Mega-selling self-publishing phenom John Locke has been an inspiration to me. I read his runaway bestseller on how he sold 1 million E-Books in 5 months, and I got excited. Well, actually, the first time I read it I had been drinking, so I actually got sick about halfway through and almost ruined my Kindle (through no fault of John’s – never drink a liter of mescal on an empty stomach). But when I came to and reread the book again after hosing the screen off, I got excited. The few “eye-openers” I’d had to chase away the scaries might have had a small amount to do with that excitement, but I’m pretty sure it was Locke.

So then, I got some shut-eye, and when I came to again, I reread his book, and I realized there was hope that I, a writer with barely marginal abilities and a complete lack of any discipline or desire to work any harder than I have to (as my daytime job cleaning windshields at an intersection near my home enables me to do), might also reach a massive audience of subsequently adoring fans virtually overnight.

Following his advice, I created a marketing plan, and identified my target market, figured out how my characters could be described, joined Twitter, cobbled together a first novel over a few days (plagiarizing really cuts down on writing time), and then took the most important step – I wrote this blog.

So here it goes. The blog that I hope will change everything for me.

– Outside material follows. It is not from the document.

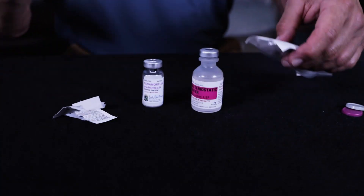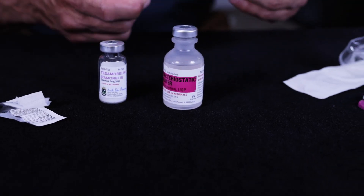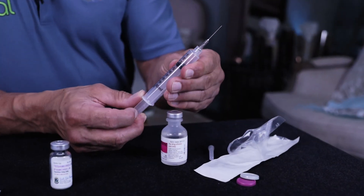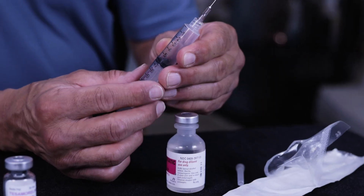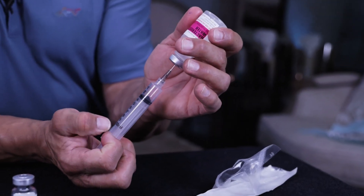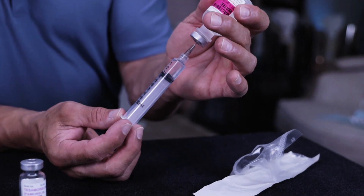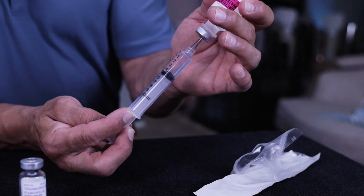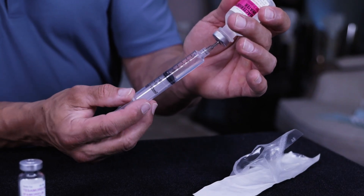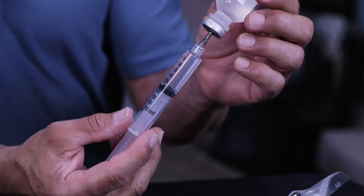Once you have the caps cleaned off, open up this separate syringe they're going to give you for the mixing — you only have one of these in your kit. It's a 10ml because you're going to draw up 6ml of the water to insert into the peptide vial. Introduce 6ml of air, then draw out the 6ml of water. Make sure you have exactly 6ml because any more or less will affect the concentration of the medication.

Pay attention, please. This is important.

Ahem.

***************************************

I love John Locke, and I love my dad. I also love cute little dewy-eyed puppies, and sweet furry little mewling kitties, as well as apple pie, my beloved long-suffering grandmother, and of course, the flag. And God. Let’s not forget God. And especially, we can’t forget the children. Because it’s all about the children.

I know my dad’s not perfect. All I have to do is think back to the times where he would allow the geriatric neighborhood men to watch me take a bath – for a fee – or when I run my hands across the cigarette burn scars on my chest and back, or recall my youth chained in the root cellar in a four-by-six cage with only a burlap sack as clothing, and I realize he wasn’t perfect. I know – we are all cast from imperfect clay. But he did the best he could.

I can’t help but consider his influence on me when I see the former head of the IMF, Dominique Strauss-Kahn, charged with being a slack-jawed drug-and-alcohol crazed misogynistic satyr whose history of sexual predation allegedly spans twenty years. Perhaps it’s not only Pops who enjoyed a little romantic stimulation after chemically-fortifying himself with MD 20/20 and Black Beauties while losing the rent money on a back-alley craps game. And when I heard about another idol, famous rock legend Pete Townsend, and his brush with the authorities over having thousands of images of small children on his computer, my mind naturally went back to dad. It seems that dad is always in my thoughts, in one way or another.

As are puppies, kitties, apple pie, grandma, the flag, God, and the children.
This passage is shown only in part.